O filme, que conta com direção de Damián Szifrón e é dividido em seis histórias individuais, arrancou muitos elogios no festival francês ao abordar a reação de cidadãos normais perante a opressão social a qual somos submetidos.
Com Oscar Martínez, Dario Grandinetti e Leonardo Sbaraglia no elenco, Relatos Selvagens se destaca ao seguir uma mistura de linguagem áspera e humor negro, ou seja, riso e reflexão.
Neste aspecto, Darín diz ter medo de explodir por causa da violência, que, segundo o ator, “é resultado do acumulo de humilhações, maus-tratos, desconsiderações e injustiças…”. Algo que, de repente, “pode encontrar uma válvula de escape”, justamente o que acaba acontecendo com seu personagem.
“Desde muito menino tenho muito medo da minha violência”, assinalou o ator argentino, que ressaltou que a infância, a época em que você supostamente é mais feliz, também é complicada pela violência psicológica e física que existe entre as crianças.
Nessa época, ele sentiu muita violência externa. “Eu era uma criança muito magra, frágil e sensível a tudo o que me pudessem dizer. Lembro que no colégio, no primário, nos primeiros anos, me sentia claramente agredido pelo funcionamento e pela dinâmica grupal”, relatou Darín.
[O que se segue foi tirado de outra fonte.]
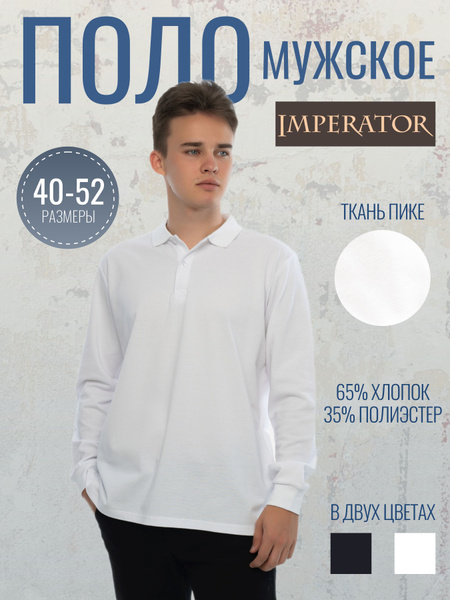 Поло Imperator, размер 48, цвет белый, 65% хлопок, 35% полиэстер ...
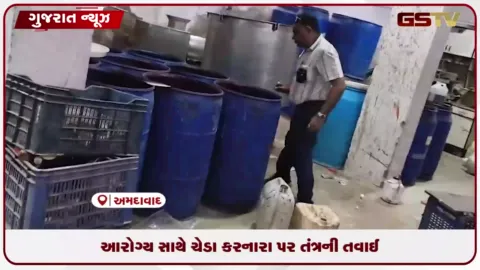 VIDEO: અમદાવાદમાં AMC ફૂડ વિભાગની સઘન કાર્યવાહી, ત્રણ અસુરક્ષિત એકમો સીલ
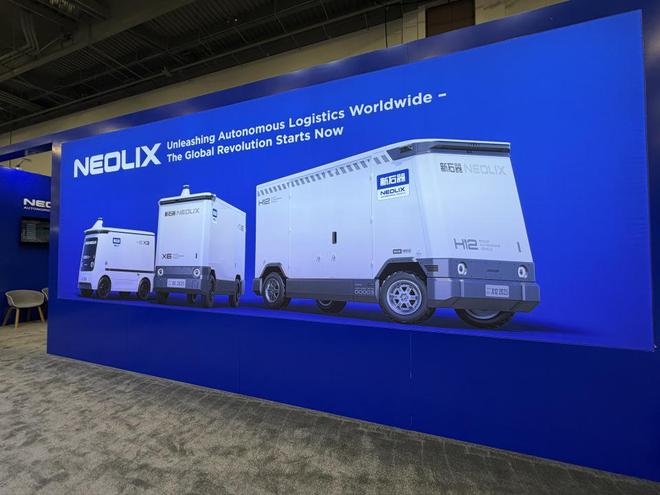 图源：雷科技摄制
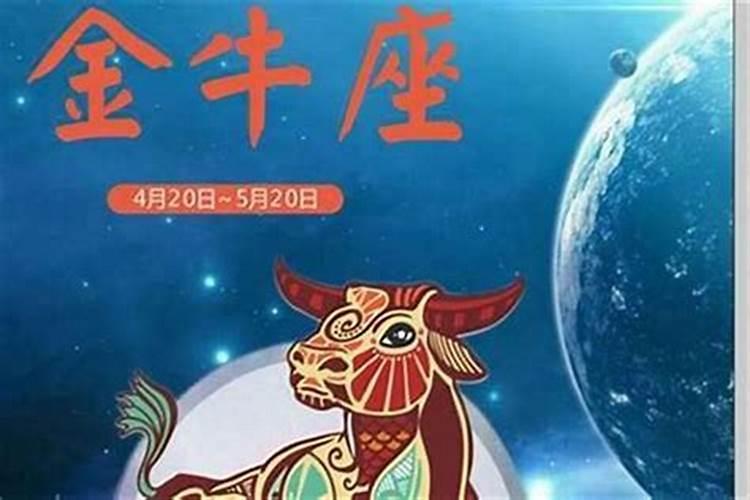 2025年6月3日各星座运势分析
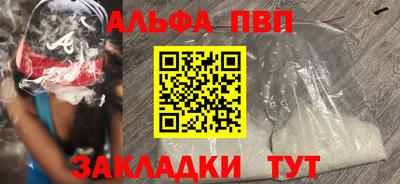 mix Заводоуковск
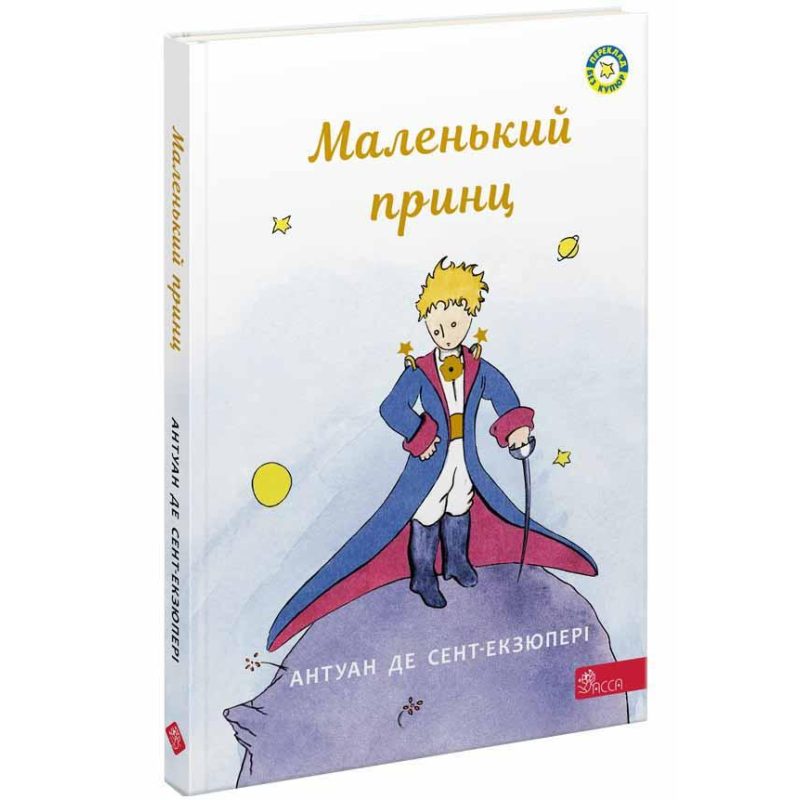 Книга Маленький принц ( АССА) Антуан де Сент-Екзюпері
De acordo com o ator, o respeito por sua violência interna surgiu a partir dessa relação. “E sempre trato de estar atento a isso, para que minha educação, minha sensibilidade e meu respeito me permitam me manter minimamente protegido”, completou.
Questionado sobre a temática do filme, que narra episódios muito violentos a partir de uma perspectiva irônica, Darín diz que “são histórias possíveis e que estão a um passo de ocorrer, mas que não podem ser impedidas a partir de nossa educação e nossa sensibilidade”.
“Temos que tentar não sair de nossos eixos e não esquecer quem somos e como funcionamos”, declarou o ator, que, no entanto, também abordou o outro lado dessa relação: “Contam com nossa sensibilidade e educação. Se não, não abusariam de nós tão facilmente, teriam mais cuidado”.
Darín se refere à ira, ao descontrole e às “possíveis reações dos cidadãos frente às injustiças do mundo, diante de um sistema que diz que nos considera, mas que não nos considera”.
“Somos muito bons em um ponto como cidadãos. Suportamos tanto e somos tão compreensivos”, afirmou o ator, que considera que o filme de Szifrón reflete justamente “sobre a violência que circula em nossos cotidianos”.
Sobre seu papel, o protagonista de uma das seis histórias que formam o filme e que não se compara com a grandiosidade de sua atuação em O Segredo dos Seus Olhos, Darín evita comparações.
“Não há pequenos papéis e grandes papéis, há boas histórias”, indicou o ator, que diz acreditar que os protagonistas, às vezes, afastam os atores do melhor, de fazer parte de algo em grupo, como ocorre em Relatos Selvagens.